OPINION OF THE COURT

Sullivan, J.

At issue is the legality of a search predicated upon the transfer of a single glassine envelope, approximately one to one and one-quarter inches long by one-half to five-eighths of an inch wide, in circumstances which indicated to a police officer surveying the exchange that a sale of heroin had taken place. Certain uncontroverted facts were established at the suppression hearing.

On the afternoon of February 26, 1977, at approximately 1:30 p.m., Police Officers Gerrish and Evans stationed themselves on the second floor of an abandoned building at 300 West 128th Street and, using binoculars, began observing the intersection of West 128th Street and 8th Avenue and the adjacent sidewalks. This intersection is within the 32nd precinct, to which the officers were assigned.

During the seven years that he had been assigned to the 32nd precinct Officer Gerrish had made approximately 100 arrests for narcotics violations, at least 75 of which had involved heroin. Of the heroin arrests 30 to 40 had taken place at the intersection of 128th Street and 8th Avenue, and he had made 25 to 30 arrests on his personal observations of transactions between individuals previously unknown to him. In addition, Officer Gerrish had received training in the recognition and packaging of narcotics at the police academy.

Some 10 minutes after taking up his observation post, Gerrish began to focus his attention on defendant, who was part of a group congregated on the northeast corner of the intersection, approximately 75 to 100 feet away. Defendant was observed in brief conversations with passers-by who would approach, speak to him, and then walk away. While others in the group would come and go, defendant remained in the same location, on the corner, sometimes leaning against a building on 8th Avenue, at other times standing away from the building, but never farther than a few feet. The composition of the group changed throughout the period of observation, varying in size from as few as 3 or 4 to as many as 10 to 12.

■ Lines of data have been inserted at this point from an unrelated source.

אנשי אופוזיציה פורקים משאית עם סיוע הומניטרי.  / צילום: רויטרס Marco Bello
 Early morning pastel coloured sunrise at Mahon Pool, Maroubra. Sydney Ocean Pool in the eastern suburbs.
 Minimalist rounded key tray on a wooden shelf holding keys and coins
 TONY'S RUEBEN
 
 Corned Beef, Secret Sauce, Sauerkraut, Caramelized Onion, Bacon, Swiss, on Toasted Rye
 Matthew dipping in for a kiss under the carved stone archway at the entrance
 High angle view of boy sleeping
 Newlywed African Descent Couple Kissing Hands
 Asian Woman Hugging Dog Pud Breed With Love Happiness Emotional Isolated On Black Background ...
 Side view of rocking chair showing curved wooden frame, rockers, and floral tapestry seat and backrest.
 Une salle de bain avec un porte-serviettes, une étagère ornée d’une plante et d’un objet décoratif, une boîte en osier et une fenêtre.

[324]*324At approximately 2:25 p.m. an unidentified male wearing an imitation leather coat approached defendant. Through his binoculars Gerrish observed defendant reach into the right hand pocket of a sweater he was wearing under his jacket and remove a white glassine envelope, which he passed to the male in the leather jacket. Gerrish did not see any exchange of money.

The officers immediately left their observation post. According to plan, Gerrish was to take defendant into custody while Evans, to whom Gerrish had furnished a description, was to apprehend the man in the leather jacket.1 When Gerrish approached defendant, he immediately reached into defendant’s right hand sweater pocket and removed several glassine envelopes. Gerrish informed defendant that he was under arrest and advised him of his Miranda rights. Additional glassine envelopes were recovered from defendant’s left hand sweater pocket. Later, at the station house, defendant admitted possession of 16 glassine envelopes.2 Subsequent analysis showed that the glassine envelopes contained heroin.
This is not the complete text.